The Church in History

This is the sixty-fifth in this series of articles on Church History, and since they’ve appeared roughly twice a month, that seems to indicate that it’s been pretty close to three years since we started this trip together. It’s been fun, but now it’s time to take a short break, get our breath, and change direction, a little. That is to say, we’ve dealt with the earliest days of the Church, then the Romanization of the Church, then the Middle Ages and the division of the Church, and finally, the Reformation. That’s quite a lot, but now it’s time to come completely to these shores and look in detail at the Church as it grew, here. Here in America, and specifically here in the United States. We’ve already glanced at the Colonial Church, or rather Churches; how they came here and how they grew. In fact, the American “Church” in all its diversity looked much like the Church in Europe by the 1740s, but that was about to change. That change is what we’ll be reading about for the next year or so.

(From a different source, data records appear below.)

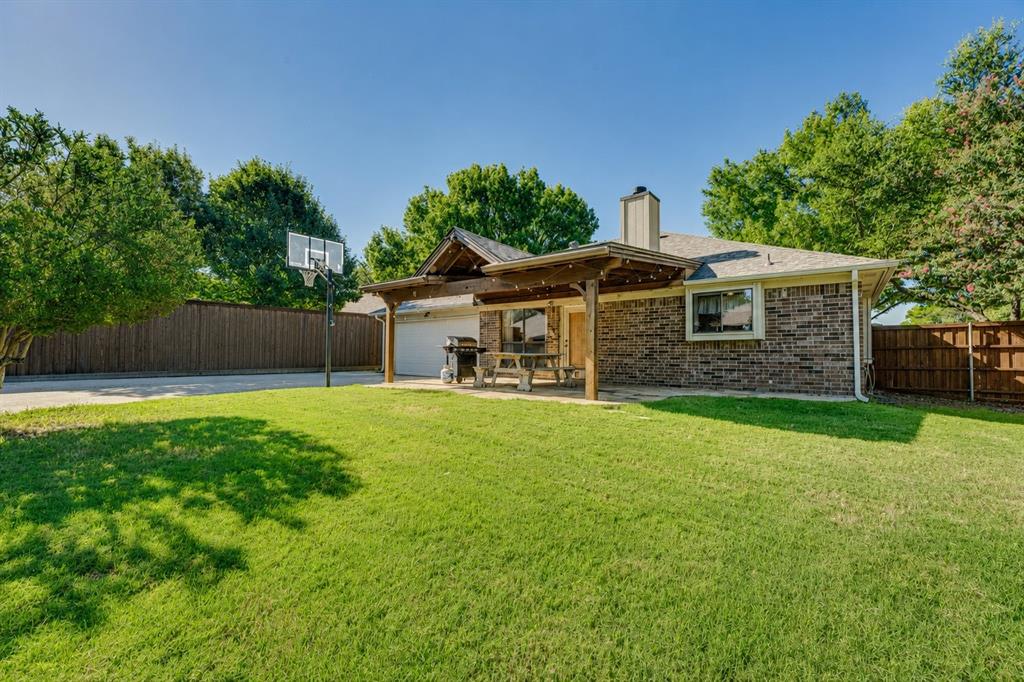 2301 University Dr, Rowlett, TX 75088 photo
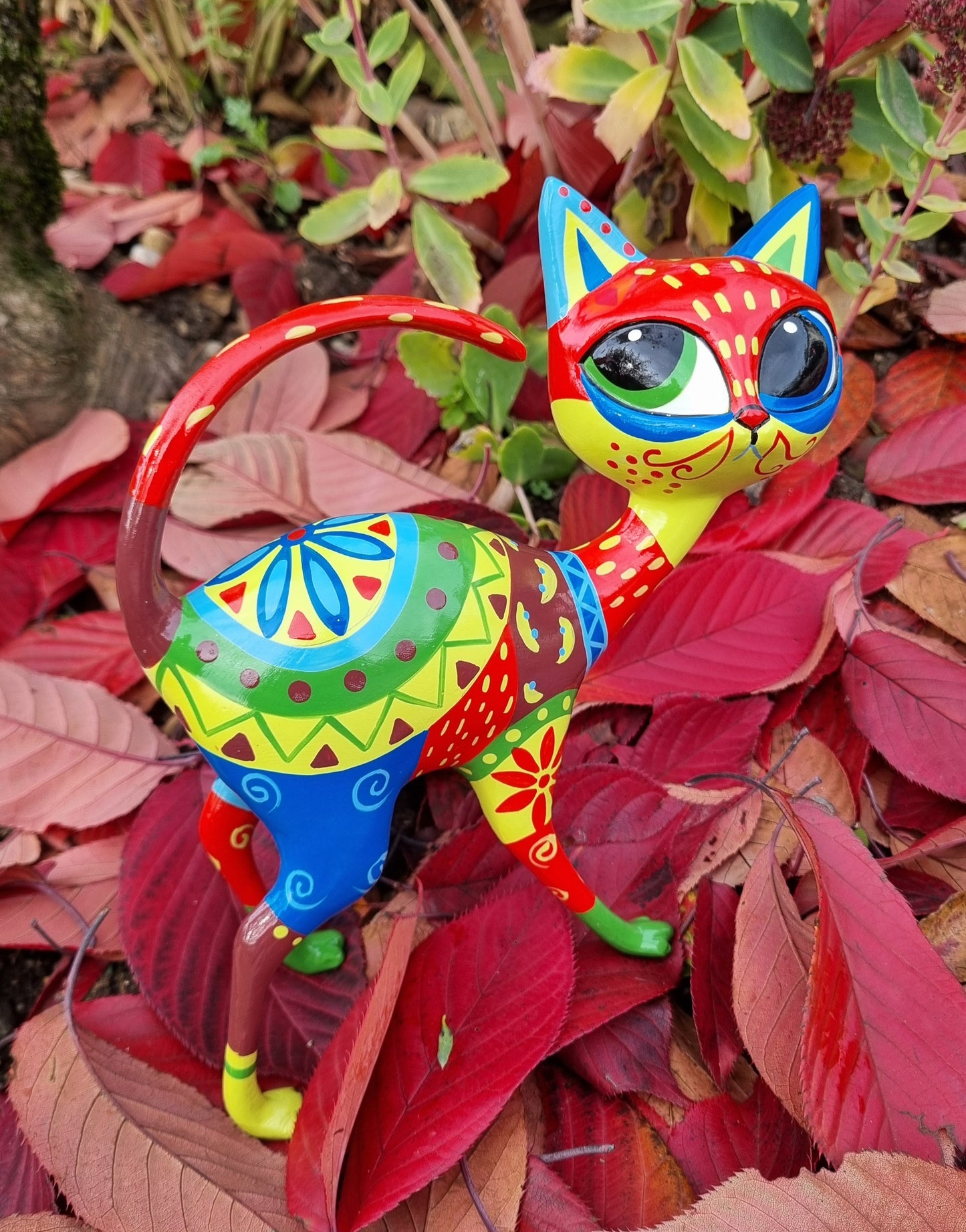 Statuette Chat jaune style Mexicain Día de los Muertos. Sculpture colorée en résine, 19/24 cm  peinte à la main, décoration Laure Terrier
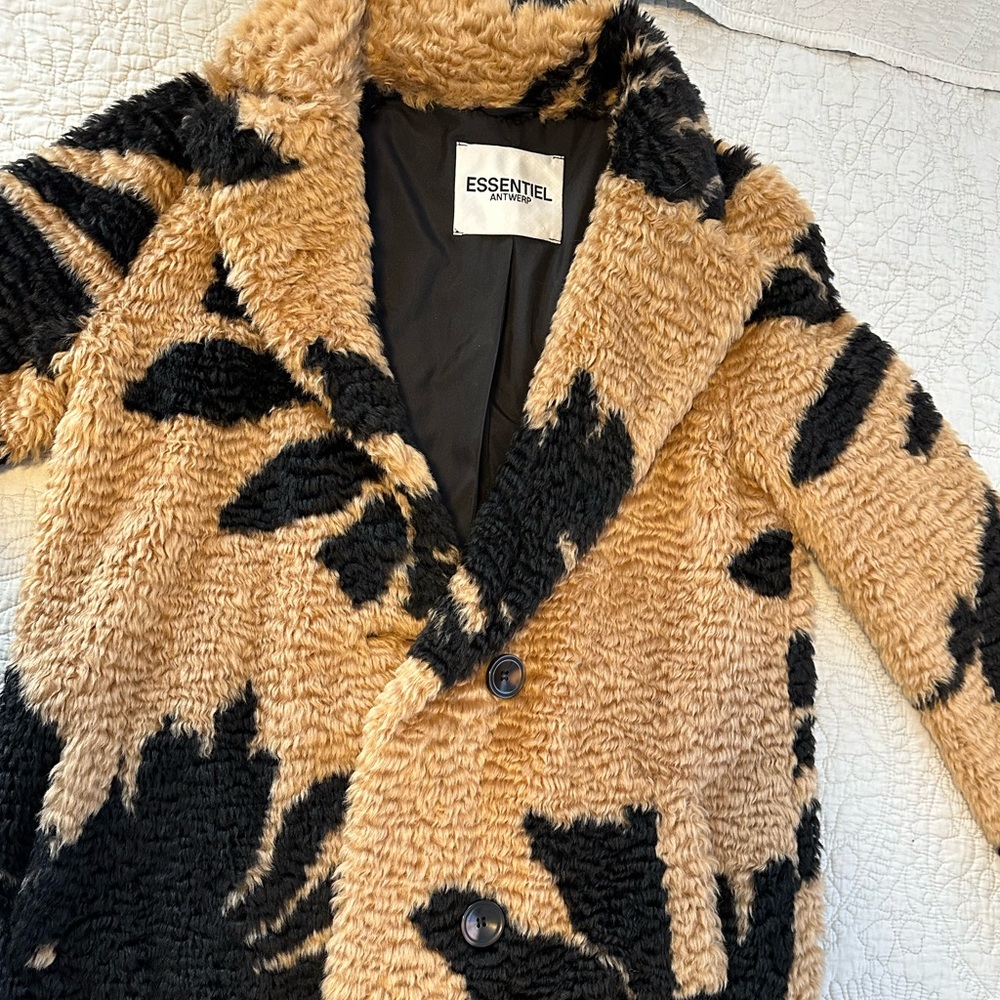 Beautiful coat !! Essentiel  By Antwerp. Faux fur soft cuddly.
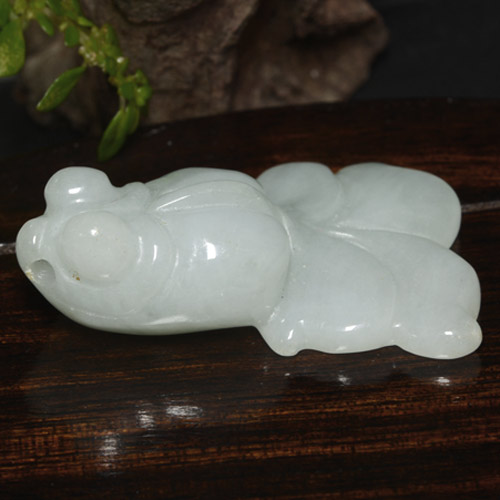 grünlich-weiß Jade Edelstein - 31.1ct Geschnitzter Fisch mit Loch (ID: 472052)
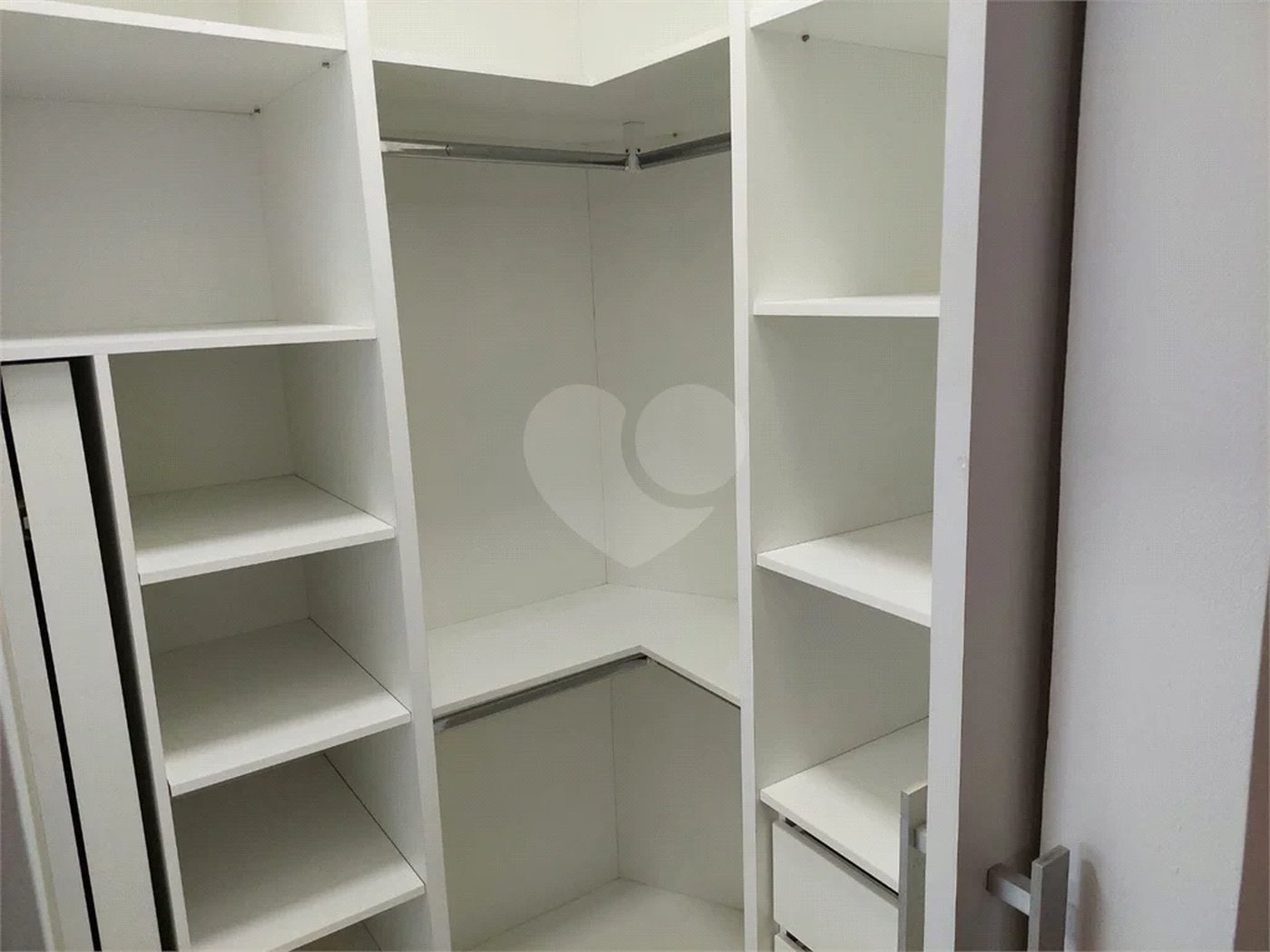 Casa à venda ou para alugar com 3 suítes em Pinheirinho, Vinhedo, SP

It is fascinating to explore the process through which the Roman Catholic Church, the Church of England, the Anabaptists and the Huguenots (and a few others) “morphed” into Unitarians, Baptists, Mormons, Pentecostals and goodness knows how many others (some three hundred, in all!) and yet became stronger in every case so that we’re now the most religious Christians anywhere in the world! Logic would seem to dictate that such fragmentation ought to have made us weaker. It did not. It made us much stronger.

So: to recap: The Church started on the Day of Pentecost in about 35 AD. It was made up, initially, of a dozen Jews, mostly uneducated hillbillies from Galilee, but on that one day grew to more than 3,000 men of every nation then known in the world. For the next 300 years, it endured terrible persecution from the Persian Empire, the Roman Empire, and just about every heathen nation you can name. In the process, it continued to grow and in spite of itself developed a plan for leadership, a liturgy of worship, and a system of Theology that explained the happenings that predated that day in 35 AD.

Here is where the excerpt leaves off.